SERMON SUR L’EGLISE POUR LE JOUR DE SAINT-PIERRE, PATRON DE LA PAROISSE DU VIGAN

Informations générales
  • TD42.039
  • SERMON SUR L'EGLISE POUR LE JOUR DE SAINT-PIERRE, PATRON DE LA PAROISSE DU VIGAN
  • Seconde partie [Les caractères de la véritable Eglise]
  • Orig.ms. CP 121; T.D. 42, pp. 39-43.
Informations détaillées
  • 1 APOSTOLICITE
    1 APOTRES
    1 CARACTERES DE L'EGLISE
    1 CATHOLIQUE
    1 CORPS MYSTIQUE
    1 DOCTRINE CATHOLIQUE
    1 EGLISE
    1 EGLISE EPOUSE DU CHRIST
    1 ENSEIGNEMENT DE JESUS-CHRIST
    1 EPISCOPAT
    1 HERESIE
    1 JESUS-CHRIST
    1 JESUS-CHRIST CHEF DE L'EGLISE
    1 JUSTICE DE DIEU
    1 MISERICORDE DE DIEU
    1 PAPE
    1 SAINTETE DE L'EGLISE
    1 SALUT DU GENRE HUMAIN
    1 SANG DE JESUS-CHRIST
    1 TRADITION
    1 UNITE DE L'EGLISE
    1 UNIVERSALITE DE L'EGLISE
    1 VERITE
    2 CYRILLE D'ALEXANDRIE, SAINT
    2 CYRILLE DE JERUSALEM, SAINT
    2 MARCION
    2 PAUL, SAINT
    2 PIERRE, SAINT
    2 TERTULLIEN
    3 JERUSALEM
    3 JUDEE
    3 SAMARIE
  • Paroisse du Vigan
  • 1838-1839
La lettre

Comme je vous l’ai déjà fait observer, mes frères, il était de la justice de Dieu de rendre facile la connaissance de cette Eglise, dans le sein de laquelle seule on peut assurer son salut. Car dans le chef-d’oeuvre de sa miséricorde, quoique absolument gratuit du côté de Dieu, la justice divine serait essentiellement blessée, si Dieu n’avait mis à la portée de tous ceux qu’il appelle au salut, c’est-à-dire de tous les hommes en général, le seul moyen d’y parvenir. Et comme l’Eglise est l’unique canal, par lequel les mérites du sang précieux de Jésus-Christ puissent découler jusqu’à nous, il s’ensuit que cette Eglise doit avoir des caractères divins, qui la distinguent de toutes les fausses sociétés qui se disent chrétiennes, et que ces caractères doivent être aisés à connaître. Développons ici en peu de mots les quatre caractères que je vous ai déjà annoncés.

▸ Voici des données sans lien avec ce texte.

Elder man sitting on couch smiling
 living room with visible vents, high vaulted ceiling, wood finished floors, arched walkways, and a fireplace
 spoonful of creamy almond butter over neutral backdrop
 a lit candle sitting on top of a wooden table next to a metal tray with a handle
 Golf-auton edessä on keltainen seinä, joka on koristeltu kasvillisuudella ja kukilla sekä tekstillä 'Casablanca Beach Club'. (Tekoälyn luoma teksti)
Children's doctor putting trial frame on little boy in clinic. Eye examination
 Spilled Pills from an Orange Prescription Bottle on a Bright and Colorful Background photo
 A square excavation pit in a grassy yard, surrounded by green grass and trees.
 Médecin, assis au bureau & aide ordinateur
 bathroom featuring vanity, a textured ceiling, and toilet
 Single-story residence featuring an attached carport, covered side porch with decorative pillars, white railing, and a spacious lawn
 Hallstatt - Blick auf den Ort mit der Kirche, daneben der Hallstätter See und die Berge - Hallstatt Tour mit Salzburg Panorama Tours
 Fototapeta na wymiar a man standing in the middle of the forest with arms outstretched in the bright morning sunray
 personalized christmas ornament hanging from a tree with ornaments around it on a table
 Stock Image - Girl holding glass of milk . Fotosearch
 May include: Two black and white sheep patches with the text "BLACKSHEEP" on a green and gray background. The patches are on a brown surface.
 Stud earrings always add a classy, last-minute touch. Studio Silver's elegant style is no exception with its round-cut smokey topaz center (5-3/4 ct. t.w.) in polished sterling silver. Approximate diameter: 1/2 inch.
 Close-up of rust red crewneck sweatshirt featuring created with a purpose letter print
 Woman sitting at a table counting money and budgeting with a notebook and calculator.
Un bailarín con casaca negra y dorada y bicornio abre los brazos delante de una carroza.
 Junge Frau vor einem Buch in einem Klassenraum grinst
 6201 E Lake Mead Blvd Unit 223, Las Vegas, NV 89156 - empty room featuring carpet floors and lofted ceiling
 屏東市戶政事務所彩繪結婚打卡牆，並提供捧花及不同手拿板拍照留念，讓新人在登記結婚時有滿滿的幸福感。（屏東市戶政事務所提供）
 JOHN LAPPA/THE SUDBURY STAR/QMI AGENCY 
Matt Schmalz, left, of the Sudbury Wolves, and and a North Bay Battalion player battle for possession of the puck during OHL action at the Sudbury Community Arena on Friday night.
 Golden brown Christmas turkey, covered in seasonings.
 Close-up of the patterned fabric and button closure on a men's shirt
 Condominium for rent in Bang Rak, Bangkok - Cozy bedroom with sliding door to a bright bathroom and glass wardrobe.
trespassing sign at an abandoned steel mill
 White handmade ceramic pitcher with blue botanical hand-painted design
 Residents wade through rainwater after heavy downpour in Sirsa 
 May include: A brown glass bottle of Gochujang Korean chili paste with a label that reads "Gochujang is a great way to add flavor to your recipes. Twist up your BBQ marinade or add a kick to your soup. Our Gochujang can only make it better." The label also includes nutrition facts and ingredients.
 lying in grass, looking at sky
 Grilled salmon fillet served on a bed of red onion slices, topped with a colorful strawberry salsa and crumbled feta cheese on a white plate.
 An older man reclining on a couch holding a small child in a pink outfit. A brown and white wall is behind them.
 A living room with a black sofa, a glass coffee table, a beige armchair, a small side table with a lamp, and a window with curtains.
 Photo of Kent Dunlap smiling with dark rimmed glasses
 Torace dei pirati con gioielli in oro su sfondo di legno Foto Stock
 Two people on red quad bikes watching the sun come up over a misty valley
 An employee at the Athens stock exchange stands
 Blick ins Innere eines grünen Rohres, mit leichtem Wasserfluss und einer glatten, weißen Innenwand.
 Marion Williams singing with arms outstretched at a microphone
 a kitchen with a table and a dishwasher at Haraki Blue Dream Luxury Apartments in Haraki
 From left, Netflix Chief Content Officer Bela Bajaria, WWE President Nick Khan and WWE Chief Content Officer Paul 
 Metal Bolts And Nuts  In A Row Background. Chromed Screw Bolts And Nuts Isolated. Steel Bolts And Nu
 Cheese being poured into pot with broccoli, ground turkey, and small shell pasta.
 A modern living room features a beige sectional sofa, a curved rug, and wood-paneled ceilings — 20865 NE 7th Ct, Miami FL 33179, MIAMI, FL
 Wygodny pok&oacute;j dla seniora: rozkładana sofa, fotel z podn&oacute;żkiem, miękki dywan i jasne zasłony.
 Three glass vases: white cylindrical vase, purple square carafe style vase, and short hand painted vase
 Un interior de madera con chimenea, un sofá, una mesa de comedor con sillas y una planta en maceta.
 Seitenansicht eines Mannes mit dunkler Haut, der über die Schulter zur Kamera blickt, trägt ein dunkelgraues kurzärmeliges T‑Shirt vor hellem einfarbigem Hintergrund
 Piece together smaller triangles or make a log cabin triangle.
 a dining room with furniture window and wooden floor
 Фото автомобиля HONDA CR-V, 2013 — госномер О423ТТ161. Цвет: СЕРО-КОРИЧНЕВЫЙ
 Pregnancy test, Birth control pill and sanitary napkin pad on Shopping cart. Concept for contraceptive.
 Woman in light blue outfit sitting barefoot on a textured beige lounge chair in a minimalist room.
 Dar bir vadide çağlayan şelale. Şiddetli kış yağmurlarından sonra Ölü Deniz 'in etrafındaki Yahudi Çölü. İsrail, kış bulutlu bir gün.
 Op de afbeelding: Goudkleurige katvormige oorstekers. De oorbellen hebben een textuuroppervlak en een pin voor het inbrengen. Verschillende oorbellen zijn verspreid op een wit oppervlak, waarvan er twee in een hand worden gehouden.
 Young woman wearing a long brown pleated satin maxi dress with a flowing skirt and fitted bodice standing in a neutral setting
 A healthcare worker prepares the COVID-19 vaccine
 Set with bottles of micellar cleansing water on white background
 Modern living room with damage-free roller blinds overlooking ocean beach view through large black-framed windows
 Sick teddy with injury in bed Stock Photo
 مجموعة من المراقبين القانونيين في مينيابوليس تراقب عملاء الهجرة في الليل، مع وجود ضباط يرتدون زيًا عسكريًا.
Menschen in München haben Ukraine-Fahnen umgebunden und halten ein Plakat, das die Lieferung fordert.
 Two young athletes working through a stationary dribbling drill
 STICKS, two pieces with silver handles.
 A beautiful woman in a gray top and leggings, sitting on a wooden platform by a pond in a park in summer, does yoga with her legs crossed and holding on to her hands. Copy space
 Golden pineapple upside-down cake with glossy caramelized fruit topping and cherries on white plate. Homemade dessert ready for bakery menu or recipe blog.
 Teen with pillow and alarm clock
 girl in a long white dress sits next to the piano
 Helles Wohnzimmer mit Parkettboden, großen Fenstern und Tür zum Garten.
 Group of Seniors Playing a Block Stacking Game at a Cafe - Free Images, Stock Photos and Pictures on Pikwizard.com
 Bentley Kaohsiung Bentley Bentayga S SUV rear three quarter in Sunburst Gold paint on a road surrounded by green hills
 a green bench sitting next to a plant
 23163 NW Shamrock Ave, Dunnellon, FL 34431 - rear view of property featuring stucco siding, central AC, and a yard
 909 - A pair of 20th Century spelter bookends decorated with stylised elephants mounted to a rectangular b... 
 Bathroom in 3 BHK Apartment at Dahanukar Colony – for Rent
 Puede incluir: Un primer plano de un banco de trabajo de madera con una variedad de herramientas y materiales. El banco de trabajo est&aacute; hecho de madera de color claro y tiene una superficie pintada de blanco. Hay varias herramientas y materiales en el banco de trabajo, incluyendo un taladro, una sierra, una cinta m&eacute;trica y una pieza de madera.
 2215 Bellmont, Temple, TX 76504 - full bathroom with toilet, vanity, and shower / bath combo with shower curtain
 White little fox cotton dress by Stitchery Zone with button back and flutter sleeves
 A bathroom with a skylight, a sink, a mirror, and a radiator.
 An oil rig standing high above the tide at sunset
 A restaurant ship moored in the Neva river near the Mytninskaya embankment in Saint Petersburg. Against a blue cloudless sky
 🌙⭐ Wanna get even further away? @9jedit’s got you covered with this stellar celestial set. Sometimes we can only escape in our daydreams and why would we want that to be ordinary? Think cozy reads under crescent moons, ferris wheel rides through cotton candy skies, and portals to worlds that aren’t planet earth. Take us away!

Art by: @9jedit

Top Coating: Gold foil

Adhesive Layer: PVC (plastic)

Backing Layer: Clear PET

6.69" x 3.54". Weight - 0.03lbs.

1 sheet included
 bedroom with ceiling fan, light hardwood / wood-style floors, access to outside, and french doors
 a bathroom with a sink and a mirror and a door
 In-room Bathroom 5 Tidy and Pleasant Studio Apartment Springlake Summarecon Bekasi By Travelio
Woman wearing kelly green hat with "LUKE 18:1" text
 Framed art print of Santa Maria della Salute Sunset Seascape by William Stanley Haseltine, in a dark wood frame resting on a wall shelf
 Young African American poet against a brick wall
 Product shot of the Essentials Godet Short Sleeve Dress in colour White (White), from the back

L’unité est un caractère d’autant plus essentiel à l’Eglise de Dieu que la vérité est essentiellement une, qu’elle ne peut se trouver dans deux propositions contradictoires, qu’il lui est impossible de s’allier avec le mensonge, qu’elle réclame nécessairement contre l’erreur. Tous les membres d’un même corps ne doivent-ils pas, en effet, être liés entre eux par l’unité des mêmes principes, de la même profession, du même langage, de la même soumission? Ne serait-ce pas une véritable absurdité de supposer que les membres d’une société, dont Jésus-Christ est le chef, puissent rester membres vivants de cette société dont ils déchireraient le sein, dont ils contrarieraient l’esprit, dont ils affecteraient de méconnaître les maximes et les lois? Ne serait-ce même pas un épouvantable blasphème d’admettre que celui qui est la vérité même, qui par son divin esprit enseigne toute vérité, puisse maintenir, approuver, tolérer ou dissimuler les écarts de l’esprit et du coeur en matière de foi? D’ailleurs, nous ne formons qu’un seul corps, nous dit saint Paul, et Jésus-Christ en est le chef: Unum corpus sumus in Christo. Or Jésus-Christ ne peut avoir qu’un corps mystique, comme il n’a qu’un corps naturel. Enfin, et voici une réflexion absolument péremptoire, Jésus-Christ nous dit dans le saint évangile qu’il a d’autres brebis hors de la Judée et qu’il les rassemblera toutes dans la même bergerie, afin que dans la suite elles ne forment toutes qu’un seul troupeau, sous un seul et même pasteur: Et fiet unus pastor et unum ovile.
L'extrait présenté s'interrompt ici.